Giving Compass' Take:

• Sigal Samuel at Vox reports on the detrimental problem of antibiotic resistance and how we’re approaching a post-antibiotic era — a time when our antibiotics are pretty much useless and drug-resistant superbugs can all too easily decimate our health.

• In the US, one person dies every 15 minutes because of drug resistance. What are scientists and researchers doing to stop this? Why are companies not developing new antibiotics? 

Here's how philanthropy can impact antibiotic-resistance. 


Every 15 minutes, one person in the US dies because of an infection that antibiotics can no longer treat effectively.

That’s 35,000 deaths a year.

This striking estimate comes from a major new report, released Wednesday by the Centers for Disease Control and Prevention (CDC), on the urgent problem of antibiotic resistance.

Although the report focuses on the US, this is a global crisis: 700,000 people around the world die of drug-resistant diseases each year.
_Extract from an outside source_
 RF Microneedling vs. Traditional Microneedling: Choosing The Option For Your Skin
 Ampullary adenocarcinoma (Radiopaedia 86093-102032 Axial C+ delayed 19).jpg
And if we don’t make a radical change now, that could rise to 10 million by 2050.

Drug resistance is what happens when we overuse antibiotics in the treatment of humans, animals, and crops. When a new antibiotic is introduced, it can have great, even life-saving results — for a while. But then the bacteria adapt. Gradually, the antibiotic becomes less effective and we’re left with a disease that we don’t know how to treat.

And it’s not just diseases like tuberculosis. Common problems like STDs and urinary tract infections are also becoming more resistant to treatment. Routine hospital procedures like C-sections and joint replacements could become more dangerous, too, as the risk associated with infection increases. Two of the most urgent current threats are C. difficile (an infection sometimes brought on by antibiotic use) and drug-resistant N. gonorrhoeae (sometimes dubbed “super gonorrhea”).